The third-largest Japanese automaker said in a statement it was reviewing its production and supply chain operations to identify optimal solutions for efficiency and sustainability. It said it was committed to adapting to market changes while prioritizing workforce and production capabilities.

“Our approach will be thoughtful and deliberate as we navigate both immediate and long-term effects,” it said.

The announcement came a day after Trump said he was considering modifying the auto levy because automakers “need a little bit of time.”

General Motors and Nissan said last week that they would be ramping up production at their US facilities.

GM said it would be adjusting its production approach by moving more assembly of its in-demand light-duty trucks to its plant in Fort Wayne, Ind.

At present, GM manufactures its Chevrolet Silverado and GMC Sierra pickups at plants in the US, Mexico and Canada.

In a similar move, Nissan announced it will continue operating two shifts at its plant in Smyrna, Tenn. — walking back an earlier plan to reduce to a single shift.

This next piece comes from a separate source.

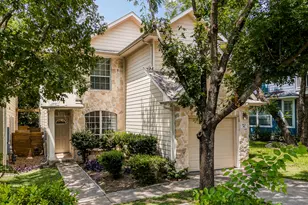 1821 Village Oak Ct, Austin, TX 78704 - Photo 2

President Trump imposed a 25% tariff on imported vehicles — prompting auto companies to revamp their strategies. AP

The company pointed to the necessity of strengthening domestic manufacturing in the face of new tariffs affecting vehicles shipped from Japan and Mexico.

Hyundai last month opened a new manufacturing facility in Ellabell, Ga., where it plans to produce 500,000 electric vehicles annually — up from an initial 300,000.

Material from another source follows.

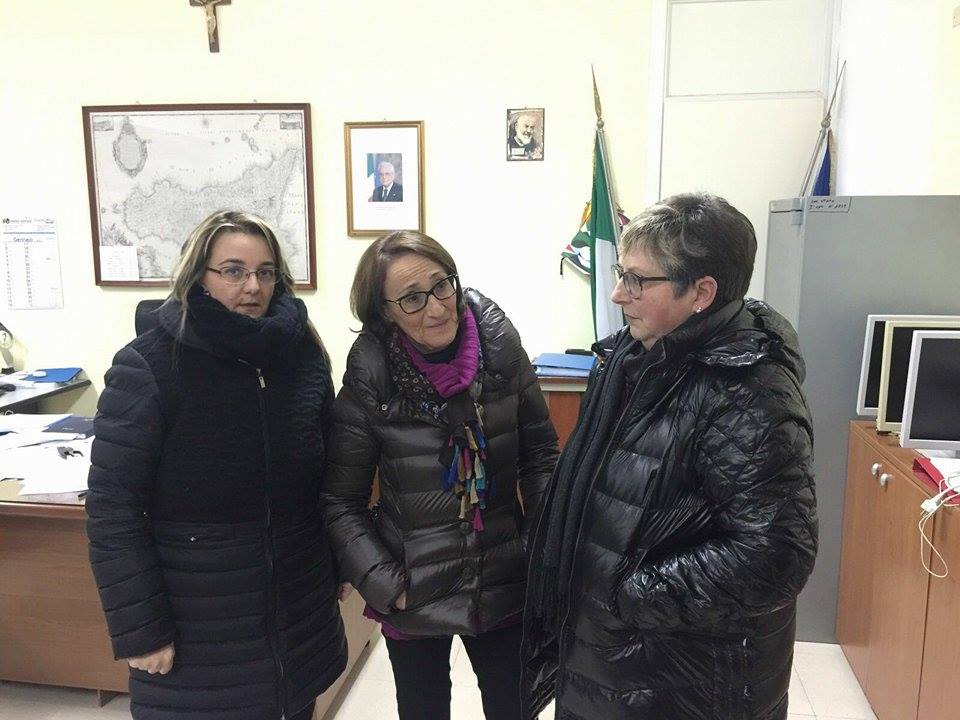 Nelle aule freezer, la preside col cappotto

Hyundai says it will spend $21 billion across its US operations by 2028, with $6 billion earmarked for localizing parts, enhancing logistics and investing in domestic steel production.

Samsung Electronics and LG Electronics are also reportedly weighing production shifts.

A South Korean newspaper reports that Samsung is considering moving dryer manufacturing from Mexico to its plant in South Carolina, while LG is evaluating a similar move for refrigerator production to its Tennessee facility.

Generac Power Systems, which offshored to China in 2001, has reversed course by repatriating production of a key component to its Wisconsin plant — creating about 80 jobs.

This reflects a broader reshoring trend that has taken hold across the US manufacturing landscape, which analysts attribute to rising labor and transport costs in China, growing concerns about quality control and supply chain disruptions.

Other companies following the reshoring trend include General Electric, Caterpillar, Toyota, Siemens, and Baltimore-based Zentech Manufacturing — all of which have recently expanded or launched new domestic operations, particularly in the southeast, where labor costs remain comparatively low.